By Nik Butler
A little detour from the usual Horsham topic this week, but fret not, I am still talking about the internet.
I am a parent whose children are now able to navigate a keyboard and to find their way with a mouse-click or joy-pad button press for their entertainment, and I am in a good position in having a clear understanding of how the internet, and communities on the internet, work.
I take the view that I am responsible for my child’s internet habits just as if I were sitting in a cafe or any other public space.
I have three rules which I expect them to remember and I ask them to repeat these most months; this is more for the sake of the nine-year-old than the four, but the rules will remain the same.
The first is that they should never share password or account information with their friends; there is no good reason to give their BFF information about how they log on to anything.
The second is that they should never accept any account or access information to any site.
If they want to join a site or add a new application they have to come and ask us and we will sit together and set this up.
The third and final rule is they must never share information regarding themselves such as their gender, how old they are or where they live.
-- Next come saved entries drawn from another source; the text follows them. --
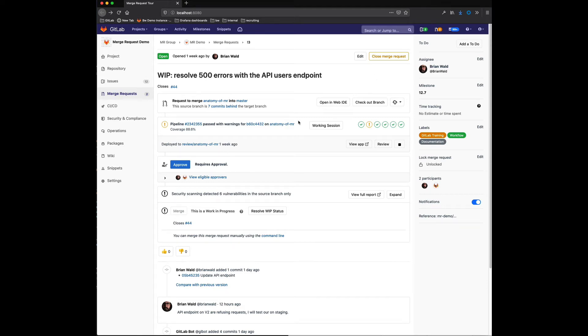Hi, this is Brian Walt at GitLab. Today I'm going to walk through a feature request I submitted to enhance the work in progress mode of a merge request.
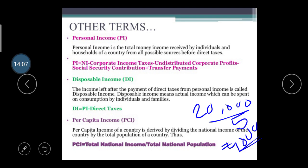If our per capita income is higher, we can easily afford new and innovative things. Just as a higher family per capita income changes their lifestyle, at the national level, if per capita income increases, the lifestyle and living standard of the nation also increases.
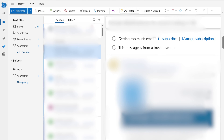Step 1. Open a web browser, navigate to Outlook.com, and then sign in to your Outlook account if prompted. You'll land on your Microsoft Outlook home screen.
If they are on the computers and have access to the internet they are to do it downstairs and where we can see the screen at all times.
I am aware of many parents who will say “I don’t know what they do on that computer,” which I guess indicated that we are still suffering a disconnect between online and real world communication and it is something I would love to talk more about.
I feel that if we can teach our children to build the filters of responsibility in their heads then we may create a more socially adept online community – a change from the current Lord of the Flies experience many adults face when dealing with children in online communities today.
I don’t fear the boogie man of atrocities often peddled about online experiences because I am teaching them what to expect in an online world and not relying on some third party safety rail of responsibility to replace my own guidance.